Can we ever escape our past? In their attempt to create a New Canaan, New World, New England, English settlers to what would become the United States of America brought with them the sum total of their experiences. But perusing the history texts suggests that these were primarily men's experiences. Thinkers and writers such as Captain John Smith and Cotton Mather recognized that we could not leave the flaws in human nature behind, that we bring with us who we are.
There have been periods in American literature that reflect the promise, the unlimited potential, that the earliest European settlers came to find. Indeed, our literary history is peppered with works which question what "America" means, the way we as a nation have come into existence, whether the American Dream is available to all (or any), and where, in fact, we are going from here. But the male voice tells only half the story. When we turn to the female voice in American literature, we find one of the missing pieces of the puzzle.
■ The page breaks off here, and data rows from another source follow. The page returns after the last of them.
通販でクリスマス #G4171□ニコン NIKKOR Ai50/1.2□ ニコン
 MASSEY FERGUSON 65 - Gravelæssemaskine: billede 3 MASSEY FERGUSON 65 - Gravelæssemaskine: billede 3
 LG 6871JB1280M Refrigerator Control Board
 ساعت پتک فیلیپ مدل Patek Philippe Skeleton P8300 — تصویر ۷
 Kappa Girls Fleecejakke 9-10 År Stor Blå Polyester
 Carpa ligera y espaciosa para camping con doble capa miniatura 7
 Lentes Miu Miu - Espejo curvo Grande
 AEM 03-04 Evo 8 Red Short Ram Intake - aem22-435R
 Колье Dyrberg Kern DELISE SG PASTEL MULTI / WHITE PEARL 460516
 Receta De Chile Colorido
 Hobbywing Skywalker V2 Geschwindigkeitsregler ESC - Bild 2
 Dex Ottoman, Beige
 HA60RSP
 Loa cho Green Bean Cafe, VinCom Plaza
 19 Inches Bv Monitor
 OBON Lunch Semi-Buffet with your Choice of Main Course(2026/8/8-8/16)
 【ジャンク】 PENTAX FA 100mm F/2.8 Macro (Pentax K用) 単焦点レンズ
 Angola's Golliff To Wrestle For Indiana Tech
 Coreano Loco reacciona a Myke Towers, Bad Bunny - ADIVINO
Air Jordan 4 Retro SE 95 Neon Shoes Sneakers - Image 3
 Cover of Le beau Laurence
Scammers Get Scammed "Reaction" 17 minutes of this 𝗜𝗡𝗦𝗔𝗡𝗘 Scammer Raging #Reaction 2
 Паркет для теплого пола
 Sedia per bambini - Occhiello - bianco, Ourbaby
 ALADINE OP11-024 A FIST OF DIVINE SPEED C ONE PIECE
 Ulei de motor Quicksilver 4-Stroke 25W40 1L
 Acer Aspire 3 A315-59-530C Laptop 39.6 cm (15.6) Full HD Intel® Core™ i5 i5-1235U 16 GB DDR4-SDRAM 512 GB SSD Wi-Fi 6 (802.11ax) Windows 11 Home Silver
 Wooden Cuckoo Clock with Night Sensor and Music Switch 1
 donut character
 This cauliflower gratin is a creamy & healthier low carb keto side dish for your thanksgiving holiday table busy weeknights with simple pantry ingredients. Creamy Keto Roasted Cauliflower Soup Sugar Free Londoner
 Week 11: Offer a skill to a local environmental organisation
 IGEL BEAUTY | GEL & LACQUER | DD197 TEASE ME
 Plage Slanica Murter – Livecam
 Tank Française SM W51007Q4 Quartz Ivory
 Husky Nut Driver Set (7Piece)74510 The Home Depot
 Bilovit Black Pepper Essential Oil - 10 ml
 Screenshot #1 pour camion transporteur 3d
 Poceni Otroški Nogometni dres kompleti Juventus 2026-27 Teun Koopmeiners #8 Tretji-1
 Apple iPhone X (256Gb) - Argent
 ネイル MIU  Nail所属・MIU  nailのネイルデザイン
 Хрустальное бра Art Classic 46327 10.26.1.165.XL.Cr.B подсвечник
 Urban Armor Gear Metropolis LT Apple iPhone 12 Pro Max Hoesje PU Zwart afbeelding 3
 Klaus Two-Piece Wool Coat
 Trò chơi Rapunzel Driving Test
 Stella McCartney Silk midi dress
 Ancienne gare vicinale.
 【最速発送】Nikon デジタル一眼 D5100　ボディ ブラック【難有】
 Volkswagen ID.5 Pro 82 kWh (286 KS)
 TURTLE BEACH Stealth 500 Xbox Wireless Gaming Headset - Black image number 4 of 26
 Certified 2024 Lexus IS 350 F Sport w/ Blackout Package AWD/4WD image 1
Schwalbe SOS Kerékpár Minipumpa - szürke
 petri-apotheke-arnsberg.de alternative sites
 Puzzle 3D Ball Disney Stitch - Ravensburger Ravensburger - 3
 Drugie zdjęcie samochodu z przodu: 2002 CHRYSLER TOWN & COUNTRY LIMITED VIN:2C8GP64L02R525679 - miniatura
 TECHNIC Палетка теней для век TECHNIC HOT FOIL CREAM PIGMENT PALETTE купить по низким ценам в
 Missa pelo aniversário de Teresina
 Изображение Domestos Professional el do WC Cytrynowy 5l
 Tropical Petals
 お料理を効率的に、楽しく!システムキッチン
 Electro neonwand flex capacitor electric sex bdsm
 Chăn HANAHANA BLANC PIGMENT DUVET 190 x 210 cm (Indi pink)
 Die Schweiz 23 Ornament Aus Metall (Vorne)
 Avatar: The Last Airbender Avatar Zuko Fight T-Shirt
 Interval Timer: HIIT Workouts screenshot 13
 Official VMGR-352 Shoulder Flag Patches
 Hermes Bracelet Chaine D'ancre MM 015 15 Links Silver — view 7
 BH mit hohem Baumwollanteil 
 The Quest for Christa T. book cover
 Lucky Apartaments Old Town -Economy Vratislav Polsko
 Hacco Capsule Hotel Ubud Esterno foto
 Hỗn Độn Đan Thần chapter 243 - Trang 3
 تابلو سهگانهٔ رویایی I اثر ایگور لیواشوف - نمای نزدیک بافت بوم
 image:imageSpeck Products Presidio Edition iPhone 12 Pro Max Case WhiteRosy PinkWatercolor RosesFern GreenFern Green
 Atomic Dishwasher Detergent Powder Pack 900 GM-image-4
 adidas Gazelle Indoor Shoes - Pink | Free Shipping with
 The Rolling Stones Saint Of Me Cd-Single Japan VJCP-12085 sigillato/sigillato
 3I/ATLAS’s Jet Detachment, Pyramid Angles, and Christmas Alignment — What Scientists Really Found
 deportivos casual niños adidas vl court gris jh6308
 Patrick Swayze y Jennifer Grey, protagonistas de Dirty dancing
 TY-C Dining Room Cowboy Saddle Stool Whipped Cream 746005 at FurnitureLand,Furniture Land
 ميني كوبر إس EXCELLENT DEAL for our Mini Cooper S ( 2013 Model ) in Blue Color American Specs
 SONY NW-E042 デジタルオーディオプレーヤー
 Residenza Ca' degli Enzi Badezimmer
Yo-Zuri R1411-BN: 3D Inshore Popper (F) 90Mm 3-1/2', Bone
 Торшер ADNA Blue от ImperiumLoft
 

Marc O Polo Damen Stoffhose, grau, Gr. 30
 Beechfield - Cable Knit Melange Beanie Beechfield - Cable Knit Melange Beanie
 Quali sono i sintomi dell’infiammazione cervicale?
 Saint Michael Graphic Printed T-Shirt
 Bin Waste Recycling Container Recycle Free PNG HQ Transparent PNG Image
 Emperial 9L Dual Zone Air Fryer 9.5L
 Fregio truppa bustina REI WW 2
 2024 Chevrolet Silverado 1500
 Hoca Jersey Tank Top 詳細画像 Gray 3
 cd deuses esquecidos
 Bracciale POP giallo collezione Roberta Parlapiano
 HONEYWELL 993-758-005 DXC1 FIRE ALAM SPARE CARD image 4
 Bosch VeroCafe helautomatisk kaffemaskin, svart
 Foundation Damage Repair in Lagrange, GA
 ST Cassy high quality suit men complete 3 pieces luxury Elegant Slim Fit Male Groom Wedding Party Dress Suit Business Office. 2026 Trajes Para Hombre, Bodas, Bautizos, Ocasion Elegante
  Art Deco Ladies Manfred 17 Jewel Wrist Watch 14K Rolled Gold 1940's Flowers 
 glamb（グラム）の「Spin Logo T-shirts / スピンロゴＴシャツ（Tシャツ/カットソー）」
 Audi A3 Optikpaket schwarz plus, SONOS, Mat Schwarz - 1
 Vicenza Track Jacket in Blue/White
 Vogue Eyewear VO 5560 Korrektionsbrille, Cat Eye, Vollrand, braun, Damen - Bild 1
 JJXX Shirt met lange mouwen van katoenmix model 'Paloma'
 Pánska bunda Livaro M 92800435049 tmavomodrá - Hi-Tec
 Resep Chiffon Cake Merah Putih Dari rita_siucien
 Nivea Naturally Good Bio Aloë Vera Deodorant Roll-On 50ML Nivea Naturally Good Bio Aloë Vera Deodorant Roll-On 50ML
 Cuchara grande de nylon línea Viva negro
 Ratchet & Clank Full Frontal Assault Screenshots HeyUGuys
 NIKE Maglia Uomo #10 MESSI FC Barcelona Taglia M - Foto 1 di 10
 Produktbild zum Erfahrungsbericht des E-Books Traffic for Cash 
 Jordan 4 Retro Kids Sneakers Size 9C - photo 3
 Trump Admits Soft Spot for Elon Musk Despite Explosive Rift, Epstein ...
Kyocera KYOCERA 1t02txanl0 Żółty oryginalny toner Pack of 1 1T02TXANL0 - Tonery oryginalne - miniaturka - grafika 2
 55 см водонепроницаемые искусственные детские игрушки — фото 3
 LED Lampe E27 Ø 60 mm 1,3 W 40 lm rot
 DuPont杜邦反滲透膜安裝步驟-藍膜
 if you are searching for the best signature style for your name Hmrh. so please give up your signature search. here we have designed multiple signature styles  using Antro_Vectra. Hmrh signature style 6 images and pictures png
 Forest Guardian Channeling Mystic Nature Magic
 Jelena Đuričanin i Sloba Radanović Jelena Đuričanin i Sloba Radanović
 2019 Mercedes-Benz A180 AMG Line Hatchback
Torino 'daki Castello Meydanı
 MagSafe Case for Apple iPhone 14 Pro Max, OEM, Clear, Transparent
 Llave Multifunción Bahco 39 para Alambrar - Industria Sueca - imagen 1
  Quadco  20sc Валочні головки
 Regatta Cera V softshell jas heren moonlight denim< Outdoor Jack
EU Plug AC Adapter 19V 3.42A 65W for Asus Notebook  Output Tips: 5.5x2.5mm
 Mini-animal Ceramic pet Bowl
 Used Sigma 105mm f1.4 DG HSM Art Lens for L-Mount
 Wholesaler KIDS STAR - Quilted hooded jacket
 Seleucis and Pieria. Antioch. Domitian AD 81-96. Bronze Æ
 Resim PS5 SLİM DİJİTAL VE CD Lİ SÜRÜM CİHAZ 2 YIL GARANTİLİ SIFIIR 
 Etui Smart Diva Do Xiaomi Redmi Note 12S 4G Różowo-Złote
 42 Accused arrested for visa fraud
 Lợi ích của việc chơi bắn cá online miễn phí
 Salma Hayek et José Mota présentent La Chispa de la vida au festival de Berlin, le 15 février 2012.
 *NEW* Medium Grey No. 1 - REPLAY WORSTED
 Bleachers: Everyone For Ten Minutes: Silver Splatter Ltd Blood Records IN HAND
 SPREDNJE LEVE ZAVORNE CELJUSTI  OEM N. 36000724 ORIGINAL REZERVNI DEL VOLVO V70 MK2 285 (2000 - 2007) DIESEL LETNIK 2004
American women writers have many faces, and with the expanding canon and the increasing sensitivity to multicultural curricula, more American women writers (and hyphenated Americans) are being "discovered" and incorporated into our teaching. By examining American literary history from women's perspectives, we see a more complete picture of where we are going and where we have been. And when we look to black women's writing in particular, we find rays of hope, ironically, that are not always evident in writing by western European, or white, women.
When we look at American literature, if we are reading carefully, we recognize the existence of an ongoing dialogue, between and among writers. We can read Toni Morrison's
Beloved
and appreciate her debt to, and her recrafting of, Twain's
Huckleberry Finn
. Reading Marilynne Robinson's
Housekeeping
calls to mind, in no uncertain terms, Melville's
Moby Dick
, but from a female perspective. There are others. The novelist, the poet, the short story writer, the essayist and the playwright, cannot help but use their predecessors as sounding boards, as grist for their own mills. And the conversation continues, albeit with different twists on and interpretations of what was said before. These works, and others, have associations with one another, maybe based on a common theme, a similar character, a re-telling of the same story from a different cultural perspective. By reading a work along with a newer counterpart, we engage in Rich's act of "re-vision the act of looking back, of seeing with fresh eyes, of entering an old text from a new critical direction" (35). And "seeing with fresh eyes" is not merely the need to engage our students in their reading, to encourage them to make connections between their lives and what they read, but, as Rich posits, "it is an act of survival. Until we can understand the assumptions in which we are drenched we cannot know ourselves" (35). Reading these newer, female voices in American literature and recognizing that they have emerged and continue to emerge from a long line of forebears will help our students to better know and understand themselves.